Garda questioned about farm research at Quirke process



A garda who was part of a search team for DJ Bobby Ryan, told a murder trial that Patrick Quirke told him that two slurry tanks were the only ones on the farm.

Garda Conor Ryan gave evidence in the trial against Patrick Quirke of Breanshamore, Co Tipperary, accused of having killed Bobby Ryan, a part-time DJ known as Mr. Moonlight.

Mr. Quirke has not pleaded guilty to the murder of Ryan in an unknown location on a date between June 3, 2011 and April 30, 2013.

Ryan's body was discovered by Mr. Quirke at Mary Lowry's farm in Fawnagowan, Co. Tipperary.

Garda Ryan said that on June 7, 2011 he participated in house searches on the farm in Fawnagowan. A few days later, his superiors arranged that he would observe the manure tanks on the farm that had been emptied by Patrick Quirke.

He said that a slurry tank in a slatted floor was empty and that a second open tank had a small amount of slurry in it that was sucked out and spread across the land.

He said that Quirke's attitude was "calm" that day and that he told him that these were the only two tanks on the farm.

During cross-examination, however, it was suggested that the question he asked Mr. Quirke was whether there were other manure tanks on the farm. Garda Ryan said that he could have asked him.

He agreed that he could not say exactly on which day he visited the farm for emptying the manure tank, nor exactly on what day he received his instructions.

He agreed with counsel Bernard Condon that he had not made notes on this day and that he did not know when he made his statement about the events of that day.

He was shown a copy of the & # 39; jobs book & # 39; which stated that the task was completed on June 7th. Asked if he was wrong about the date on which he said no, but he could not say on what date the manure tanks were empty.
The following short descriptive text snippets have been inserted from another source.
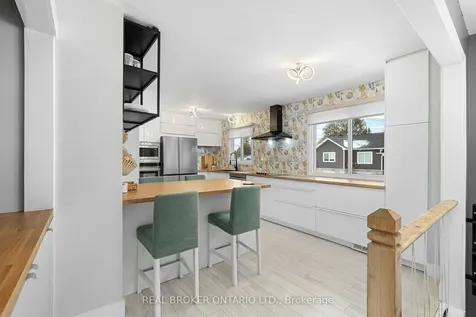 179 Wellington Street Carleton Place ON K7C 1B4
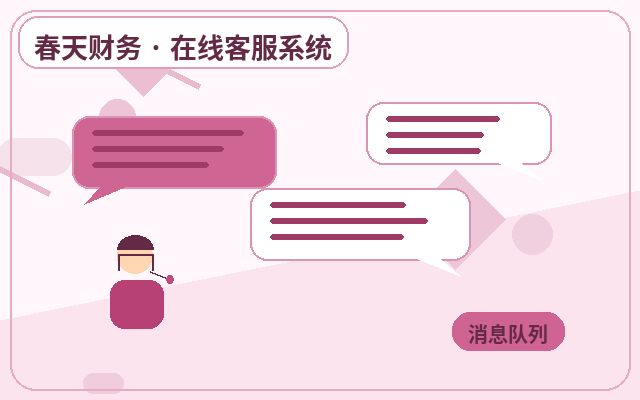 Comment le filtrage des clients à forte intention sur un site web de génération de leads renforce la confiance des visiteurs配图
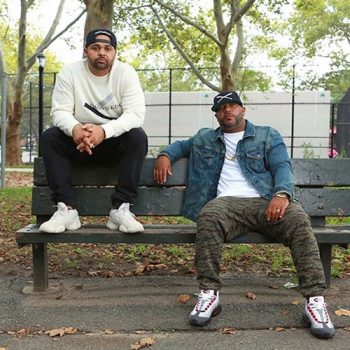 joell-ortiz-apollo-brown-bench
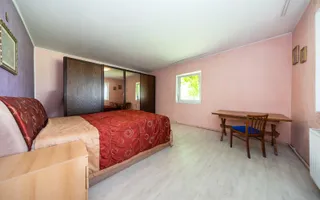 Casă cu teren 2.200 mp și deschidere la DN13 | Zonă mixtă | Brașov, Stupini - Poză 12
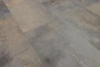 Виниловый пол CronaFloor Stone Ормигон BD-1417-01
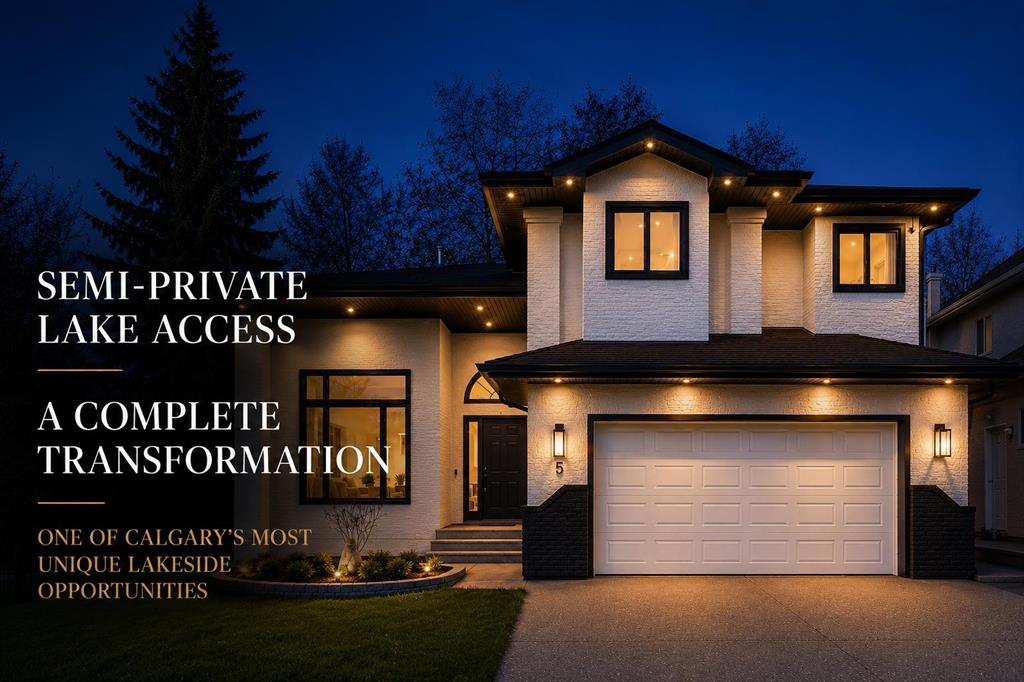 MLS# 243550525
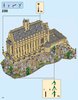 Building Instructions - LEGO - 71043 - Hogwarts™ Castle: Page 112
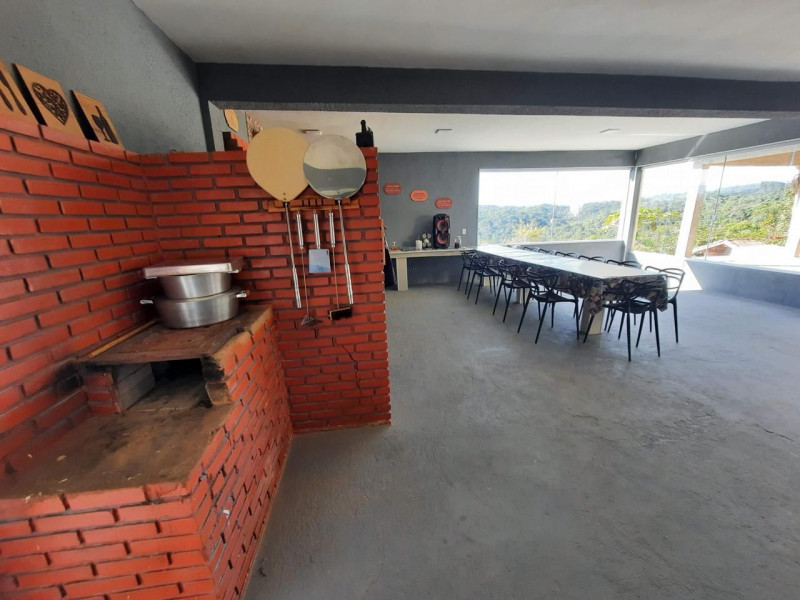 Sítio à venda Centro com 3504912m² e 17 quartos por R$ 2.500.000 - 1247388918-85279876-e7b3-4d98-a3b4-158cc38b2ae4.jpg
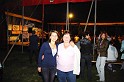 varosi_majalis_eletkepek_2010_306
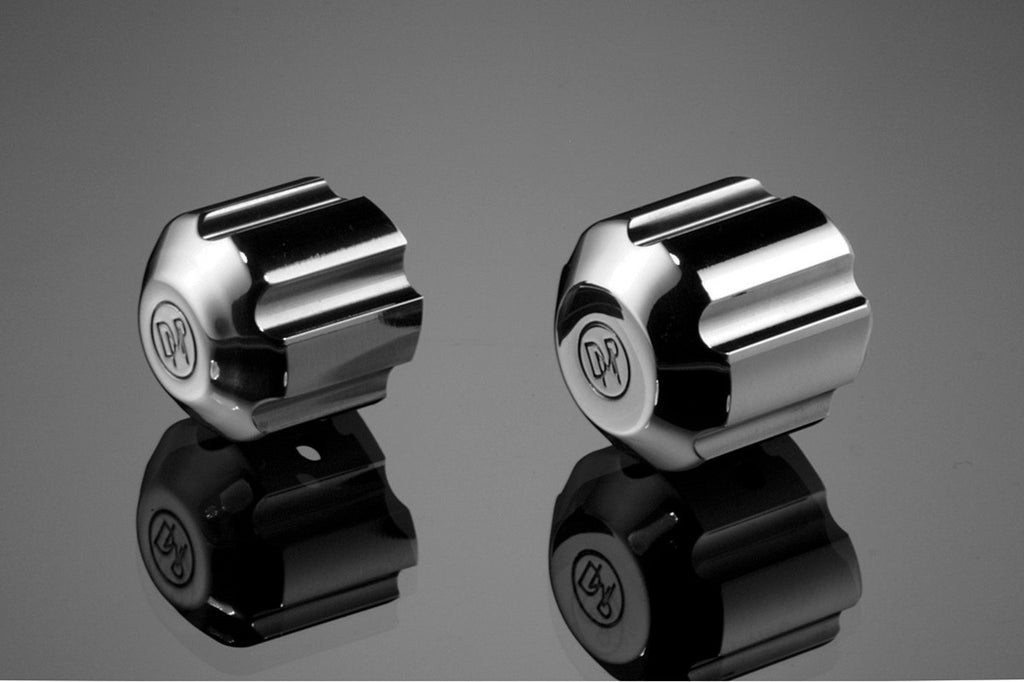 DPM Wheel pin cover for Universal Fit | AU289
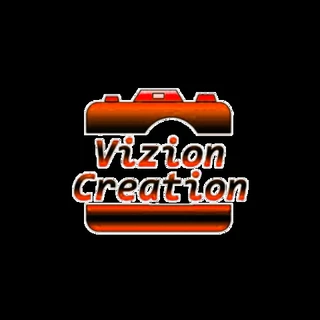 creator profile picture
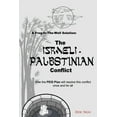 thumbnail image 1 of A Frog-In-The-Well Solution A Frog-In-The-Well Solution - The Israeli-Palestinian Conflict: How the PEIS Plan will resolve the intractable conflict , (Paperback), 1 of 1
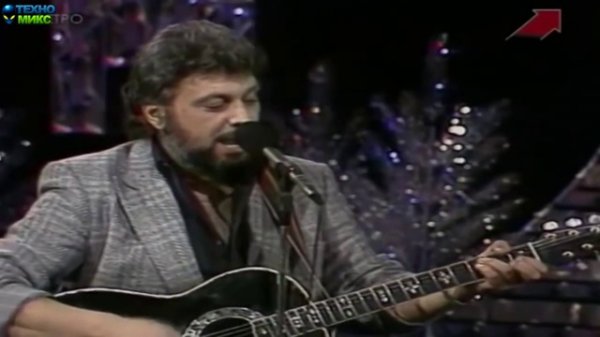 Русская дискотека 80-90-х - Назад в СССР (КЛИПЫ) Часть 2.av 1i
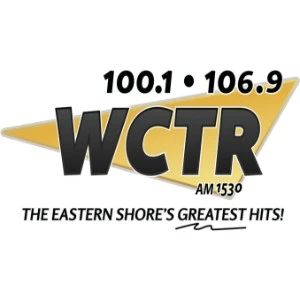WCTR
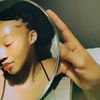 lifewthato_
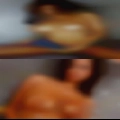 Wife swapping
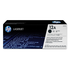 HP 12A (Q2612A) toner noir (Original) 2000 pages 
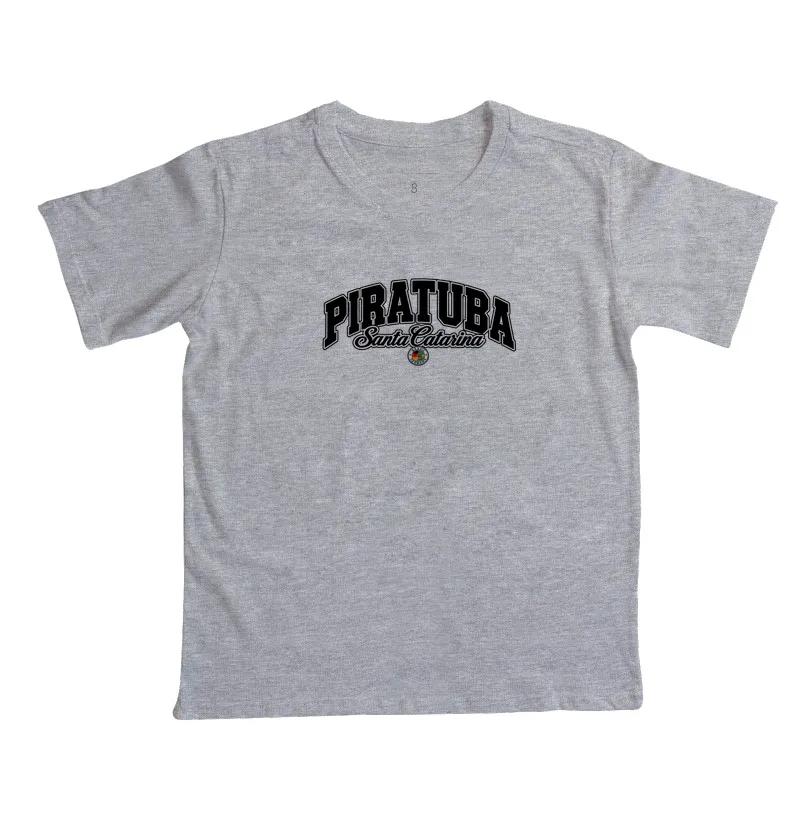 Piratuba – Santa Catarina  - Imagem 6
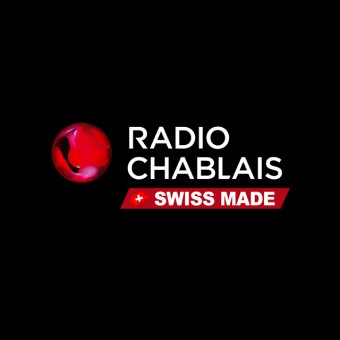 Radio Chablais Swiss Made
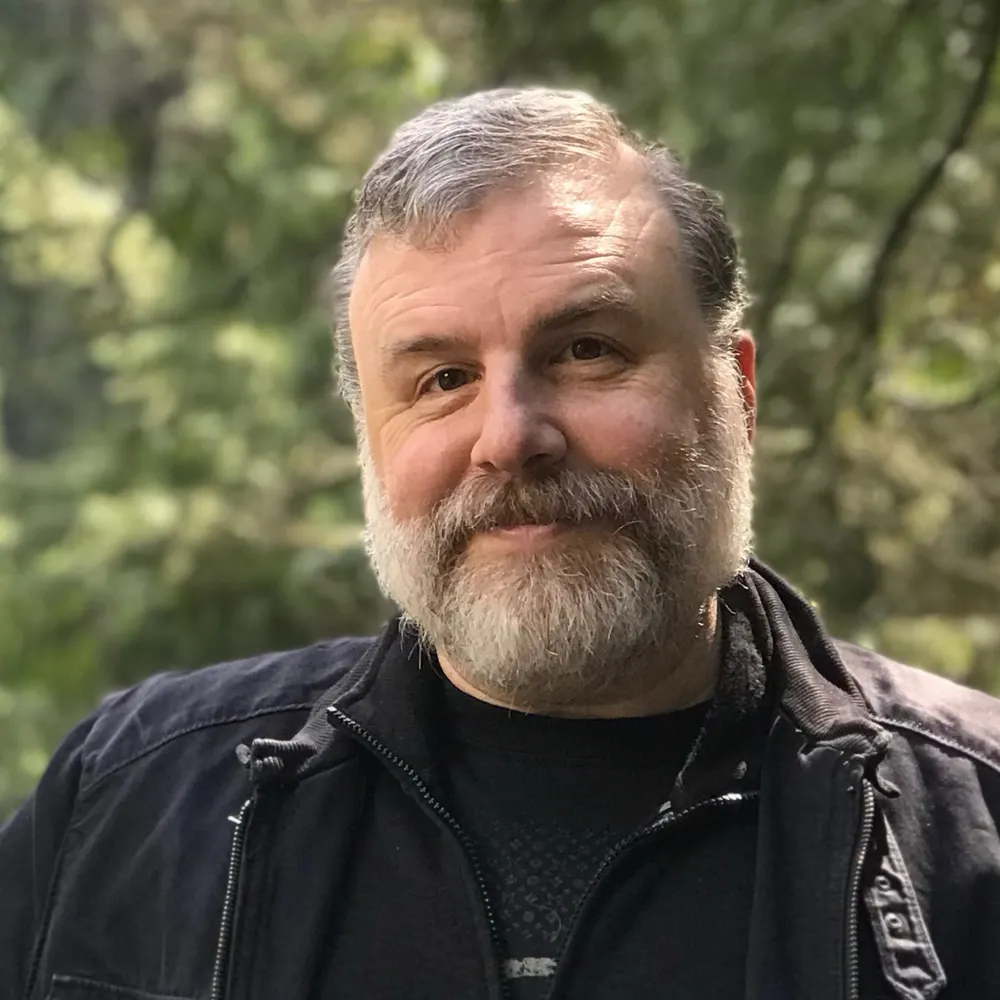 theredlitz.bsky.social's profile picture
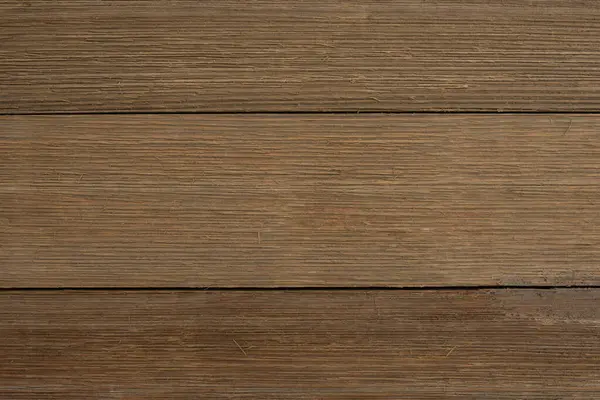 Eski ve otantik temalar için doğal doku arka planına sahip taşralı koyu ahşap tahtalar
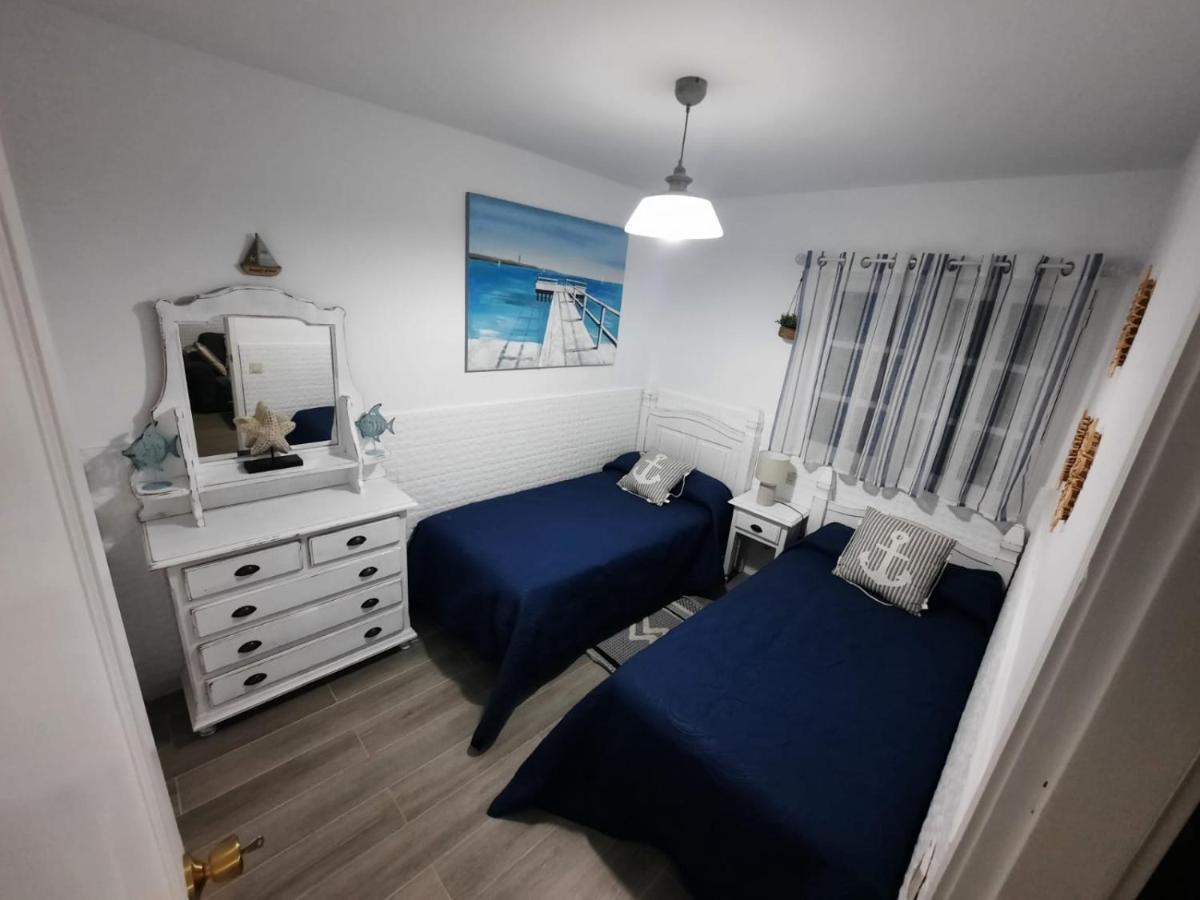 Albaula 5 Apartamento *
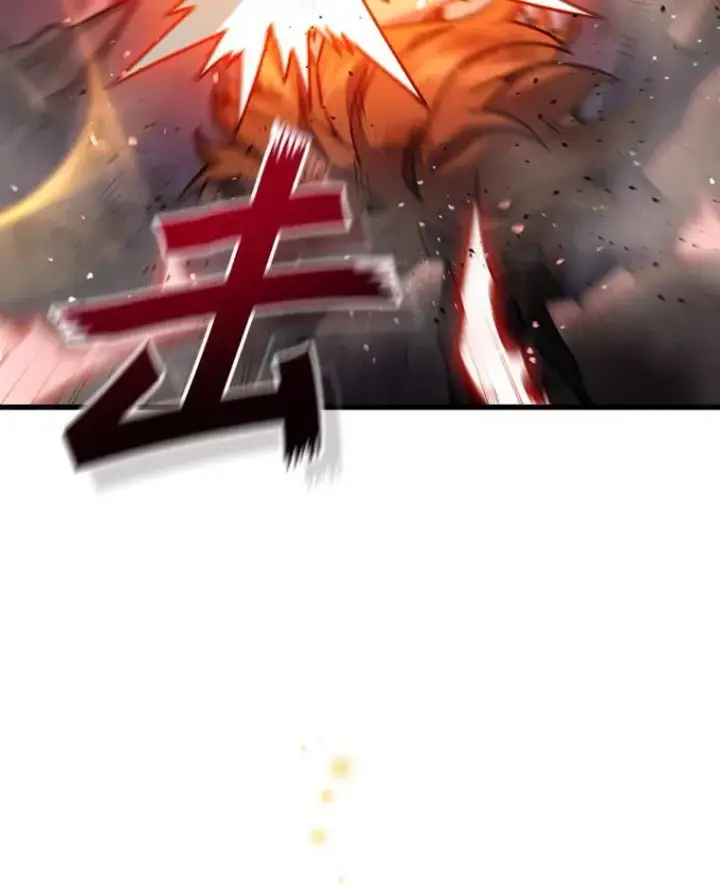 漫画《吞龙魔法师》6.震惊四座第127张图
Asked when he made his statement about what had happened that day, Garda Ryan said he could not say. Mr. Condon told him that it was much more likely that the statement was made more than two years later. Garda Ryan said that he could not say.

Mr Condon said that Garda Ryan had made a total of nine statements, some of which were not dated.

When asked who asked for the statement, Garda Ryan said that the request came from the control room. Mr. Condon repeatedly asked him who had made the request and added: "Control rooms do not talk".

Garda Ryan said that the request "would have come through the channels" and would have been made by one of the two sergeants.

He visited the farm nearly two years later when Mr Ryan's remains were found in a discarded drainage tank.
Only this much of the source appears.